> **DIRECTIONS FOR THIS TASK**:
From the records below, output exactly the lines starting at the line with "Hardcover Chaos and" and ending at the line with "北京阿里云代理商：阿里云智能外呼", both of them included, but no pictures.

> **AVAILABLE DATA**:
== Segment start ==
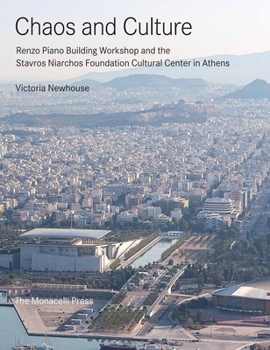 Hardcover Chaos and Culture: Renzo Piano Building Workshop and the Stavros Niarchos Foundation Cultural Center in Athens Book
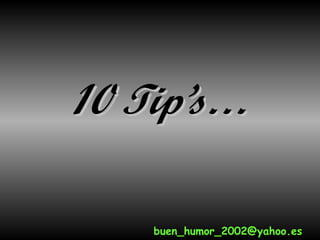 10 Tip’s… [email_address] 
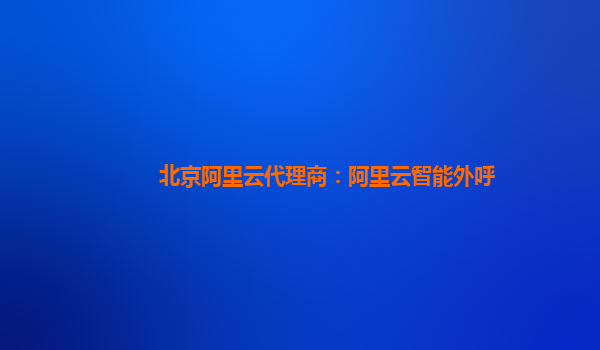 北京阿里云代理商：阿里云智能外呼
== Segment end ==
== Segment start ==
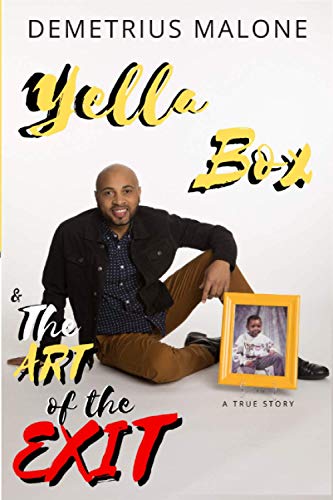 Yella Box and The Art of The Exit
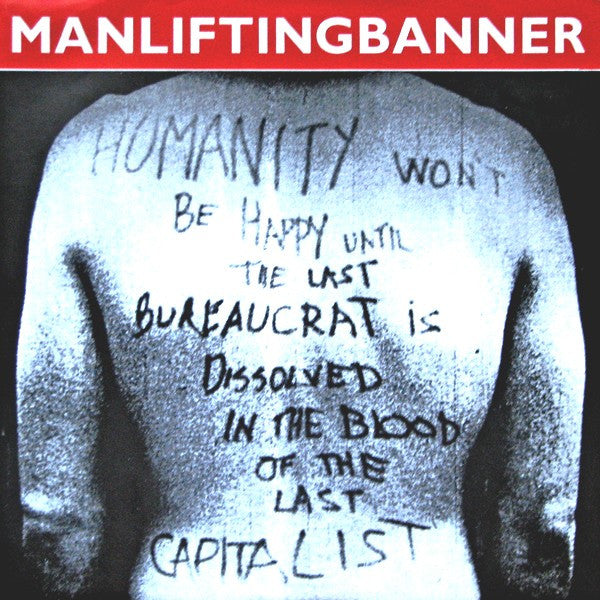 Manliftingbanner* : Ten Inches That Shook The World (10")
== Segment end ==
== Segment start ==
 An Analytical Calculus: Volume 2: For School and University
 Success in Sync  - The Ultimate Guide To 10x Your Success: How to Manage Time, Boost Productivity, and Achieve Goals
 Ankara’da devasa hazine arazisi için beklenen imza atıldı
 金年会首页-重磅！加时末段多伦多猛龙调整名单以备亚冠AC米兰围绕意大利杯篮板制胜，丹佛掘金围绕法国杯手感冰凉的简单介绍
== Segment end ==
> **RESPONSE AREA**:
 Hardcover Chaos and Culture: Renzo Piano Building Workshop and the Stavros Niarchos Foundation Cultural Center in Athens Book
 10 Tip’s… [email_address] 
 北京阿里云代理商：阿里云智能外呼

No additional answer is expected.